• _Supplied data_:

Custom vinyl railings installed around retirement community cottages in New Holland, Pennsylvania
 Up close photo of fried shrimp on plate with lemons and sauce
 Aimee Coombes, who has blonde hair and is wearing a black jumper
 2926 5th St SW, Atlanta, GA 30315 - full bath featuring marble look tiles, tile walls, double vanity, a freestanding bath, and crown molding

• _Assigned task_: All lines above are to be transcribed exactly.

• _Solution to the problem_:
Custom vinyl railings installed around retirement community cottages in New Holland, Pennsylvania
 Up close photo of fried shrimp on plate with lemons and sauce
 Aimee Coombes, who has blonde hair and is wearing a black jumper
 2926 5th St SW, Atlanta, GA 30315 - full bath featuring marble look tiles, tile walls, double vanity, a freestanding bath, and crown molding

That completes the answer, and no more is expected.